The pressure to hire properly isn’t going to go away as long as we see increased focus on nation-state cyber espionage and attacks, and the significant need to harden the systems in critical infrastructure. Additionally, traditional training doesn’t keep pace in producing security skills needed with constant changes in mobility, cloud architectures, virtualization, containerization, Internet connected devices (IoT), and others.


Many of the CISOs I’ve spoken to in industries such as financial services and health care contend that their industries are at 100% employment when it comes to information security positions. That’s not sustainable. We’ve been here before, of course: in the 80s and 90s and just before the dotcom bubble burst. In those days, if you had the right skill set, finding a job was not a problem. There are many such positions that firms are having a hard time fulfilling: cyber security analysts and engineers, software and systems engineers, and others.


Over the past few months, I’ve spoken with CISOs who say they have a hard time even finding interview candidates that they’d like to speak with for senior security positions.


So what is a company to do?


Here’s a start:

Mentoring program. One of the most important things an enterprise can do to cultivate security talent is to mentor young professionals who show an interest in cybersecurity. Have them work under seasoned information security professionals and provide clear goals and paths for their career growth.

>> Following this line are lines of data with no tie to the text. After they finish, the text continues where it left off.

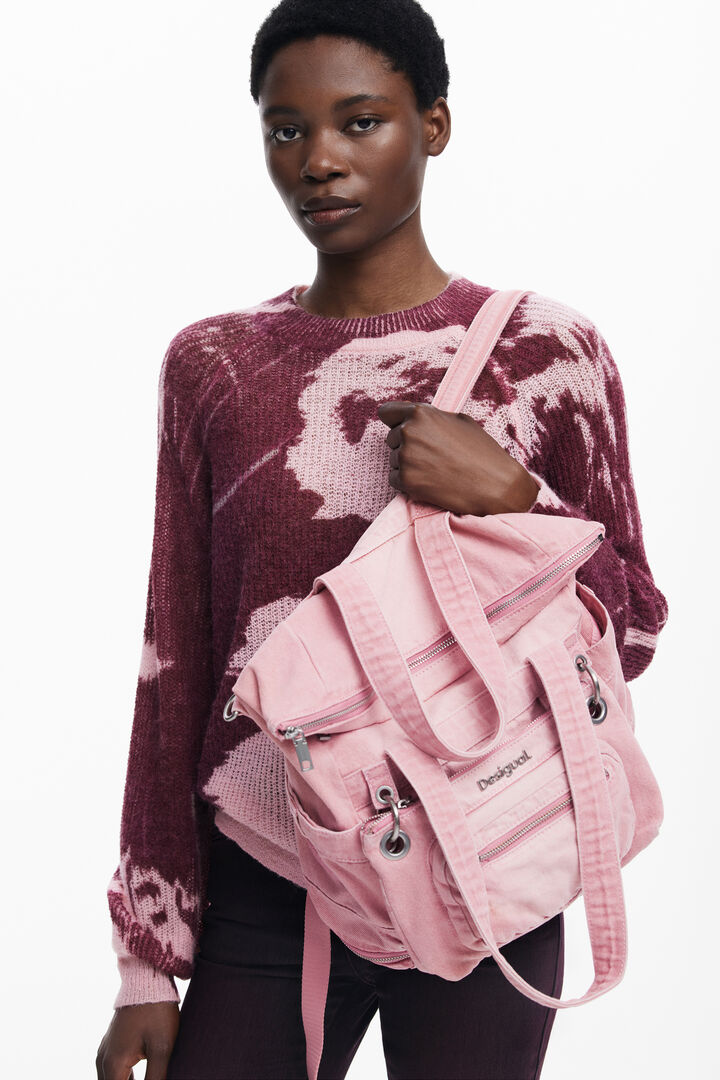 Großer Mehrpositionsrucksack | Desigual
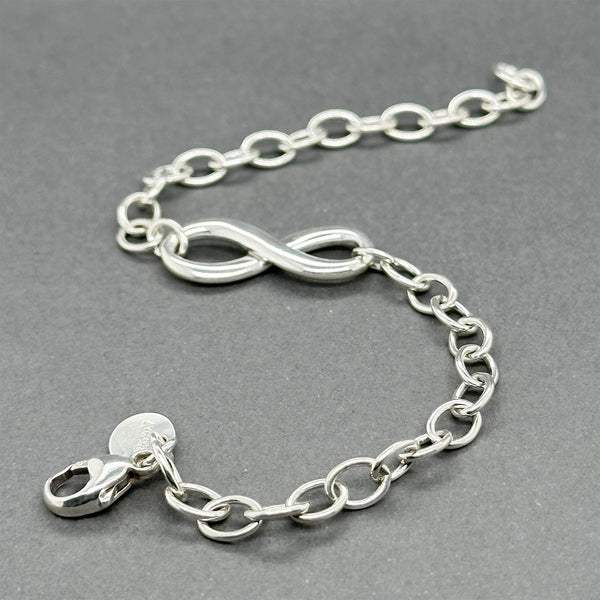 Estate Tiffany & Co. SS Infinity Bracelet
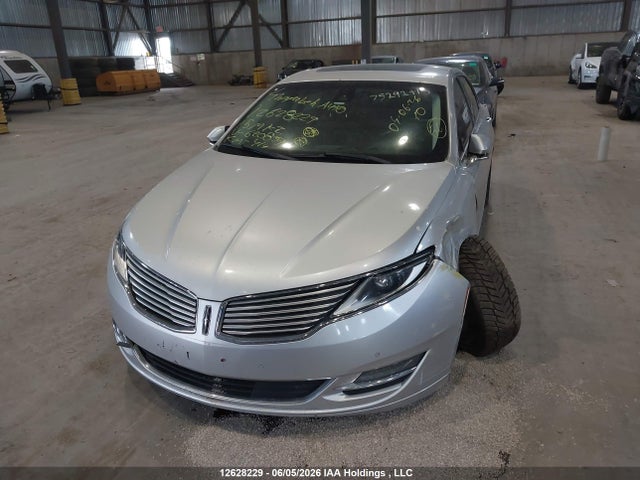3LN6L2LU1FR620839 Lincoln MKZ HYBRID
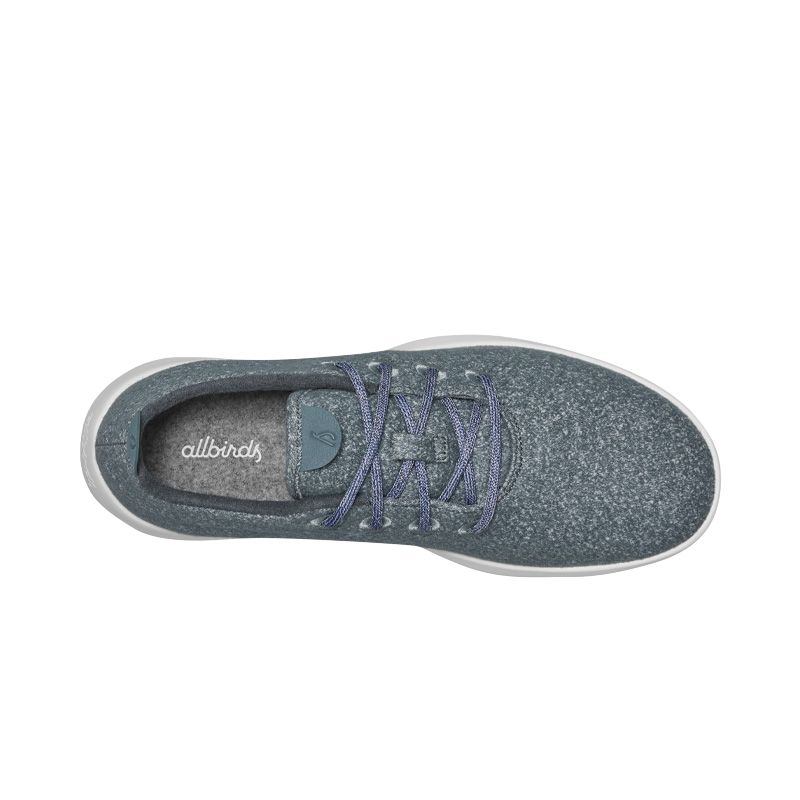 Allbirds Wool Runner Abrasion Resistant Low top Running Shoes Women’s Ironhide Wood Gray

Pay Competitively. This advice should go without saying, but many enterprises view information security as a technical role (which some positions are) but when it comes to mitigating risks, it’s more of a risk management function, and higher pay is necessary. It’s surprising the low pay that some organizations offer when they try to fill security positions that require years of experience and high levels of skills and aptitude. I know; I often get emails forwarded to me by those in the hunt. There’s no way around it: to compete for them, enterprises must pay competitively.


Work with local colleges and universities. It was only a handful of years ago when information security was a field of self-taught technologists: people who liked to take things apart and reassemble them into something new, or use technologies in novel ways that the creator may not have anticipated. While this hardy breed of hacker still exists, more are being educated in the field of cybersecurity in universities. In recent years, more universities have initiated cybersecurity programs. Work with these schools to provide input into the curriculum (these schools don’t always know what private industry needs) and see if partnerships can be created to provide some students with practical work experience.


Make it clear that data security is part of everyone’s job. While this won’t solve any security talent shortages directly, it will go a long way to helping secure your digital assets and infrastructure, as well as stretch the value of the security pros you do have in place. This effort would include broad cybersecurity awareness training for most every employee, security-specific training for IT operations teams, and secure coding training for developers.


Create a place they want to work. If you want to avoid cybersecurity brain drain, create a place where security professionals want to work. Provide adequate training and ensure that security is involved in the development processes and that the security team has the support of senior management, including the board of directors, if applicable.


Because the best way to ensure your organization isn’t stuck shopping on the open market for security talent, do whatever you can to keep those you have already in-house.